President Trump has at least twice vented his frustrations about the prosecution of his former personal attorney, Michael Cohen, at his acting attorney general, Matthew Whitaker, CNN reported Friday. The president is angry Cohen's case and revelations have shown him in poor light, CNN's sources said, and he asked Whitaker why he has not reined in prosecutors under his purview at the Department of Justice. Cohen has pleaded guilty to campaign finance violations and lying to Congress. Federal prosecutors said this month he has committed "serious crimes worthy of meaningful punishment."

CNN The Hill

8. Justice Ruth Bader Ginsburg undergoes surgery to remove cancerous growths

Supreme Court Justice Ruth Bader Ginsburg is recovering after undergoing surgery to remove two malignant growths in her lungs, the Supreme Court said in a statement Friday. Two nodules were found during tests taken when Ginsburg was hospitalized last month after breaking two ribs in a fall, and an evaluation determined that they were malignant. Doctors do not plan for any further treatment after this surgery, and Ginsburg previously survived cancer twice. "Wishing Supreme Court Justice Ruth Bader Ginsburg a full and speedy recovery!" President Trump tweeted Friday evening.

CNN The Week

9. U.K. police arrest 2 for Gatwick drone

Police in the United Kingdom have arrested two people, a 47-year-old man and a 54-year-old woman, in connection to the recreational drone that disrupted flights for three days at London's Gatwick Airport this week.
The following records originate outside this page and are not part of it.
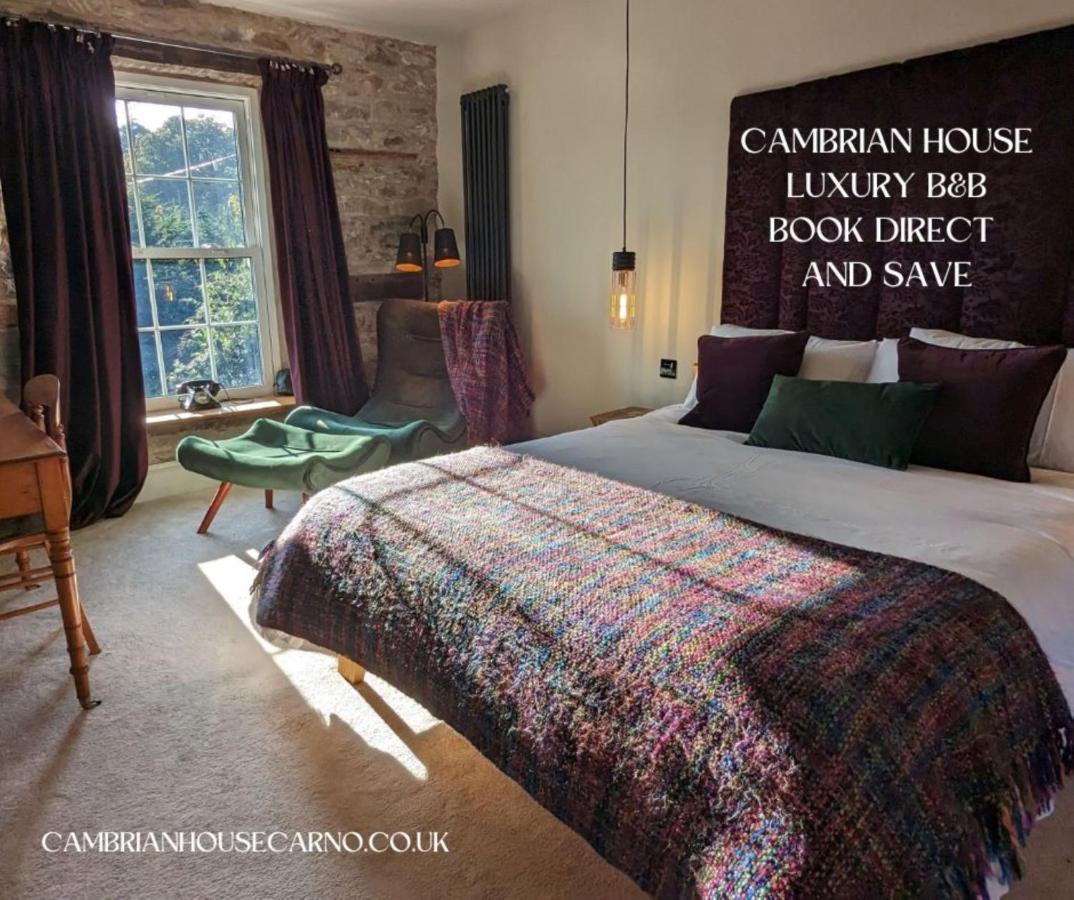 Bed and breakfast Cambrian House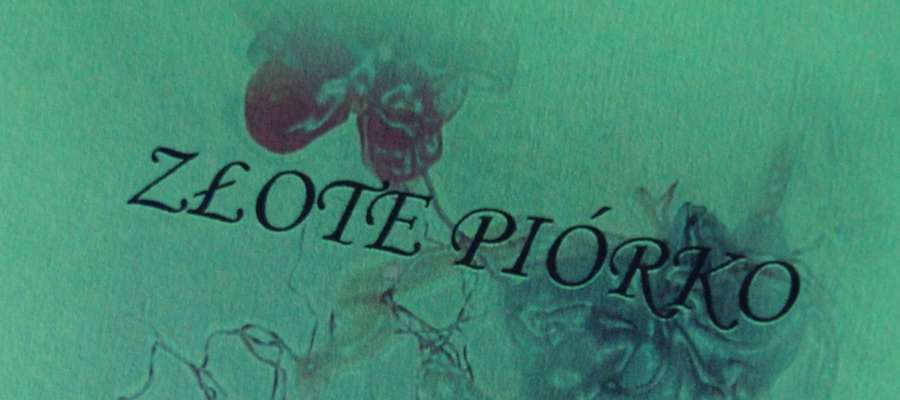 Zdobądź złote piórko - konkurs poezji 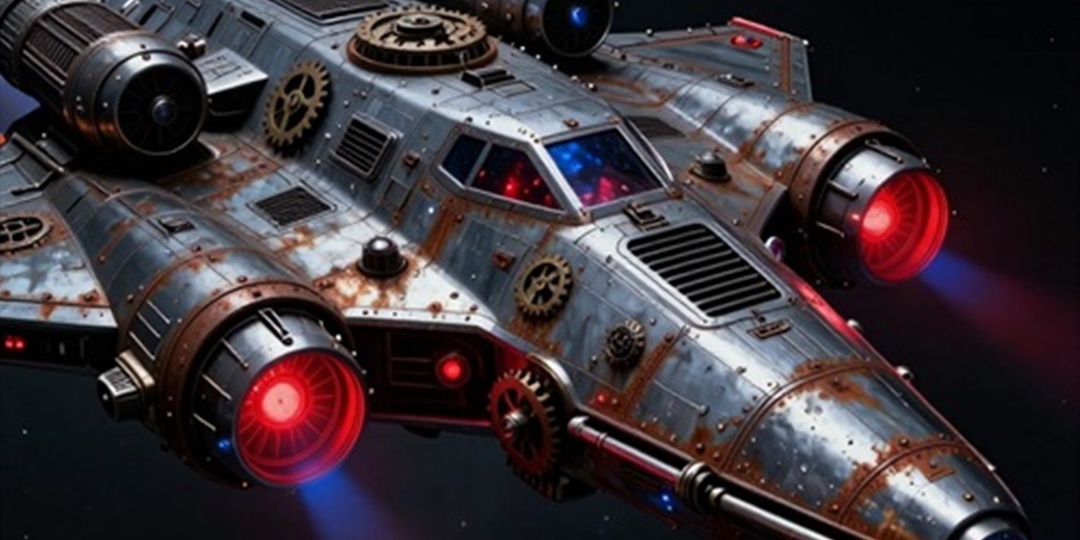 Зона аномалий: межзвёздная бездна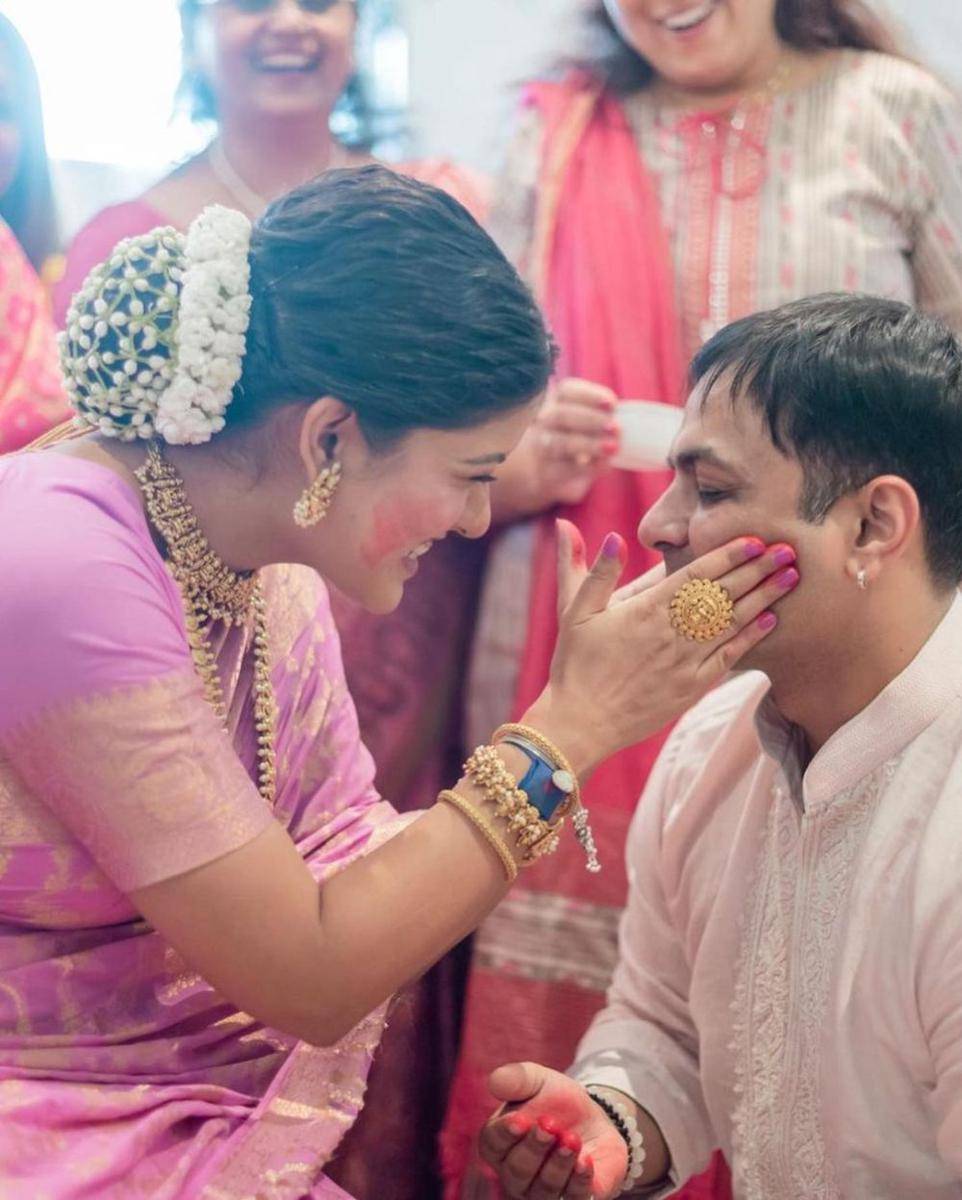 baby shower Ishita Dutta (instagram.com/ishidutta)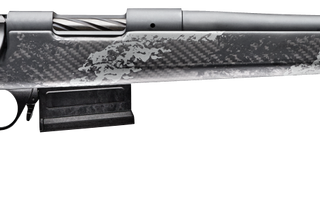 Bergara Premier Series 6.5 PRC, 22" Barrel, Sniper Gray Cerakote, 10rd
About 140,000 passengers were affected when around 1,000 flights were grounded or rescheduled because of the drone sightings, but Gatwick is expected to return to normal operations Saturday. "Our investigations are still ongoing," said a police statement, "and our activities at the airport continue to build resilience to detect and mitigate further incursions from drones, by deploying a range of tactics."

Reuters BBC News

10. Obama guest stars in Hamilton remix

Hamilton creator Lin-Manuel Miranda dropped his final monthly remix from the hit musical with a surprise message from former President Barack Obama. Chris Jackson reprises his role as George Washington in "One Last Time (44 Remix)," which depicts Washington's final message before stepping down as president. Midway through the song, Obama reads a segment of George Washington's farewell address, discussing his "many errors" as president and subsequent retirement. Miranda also tweeted a photo of Obama working on the song.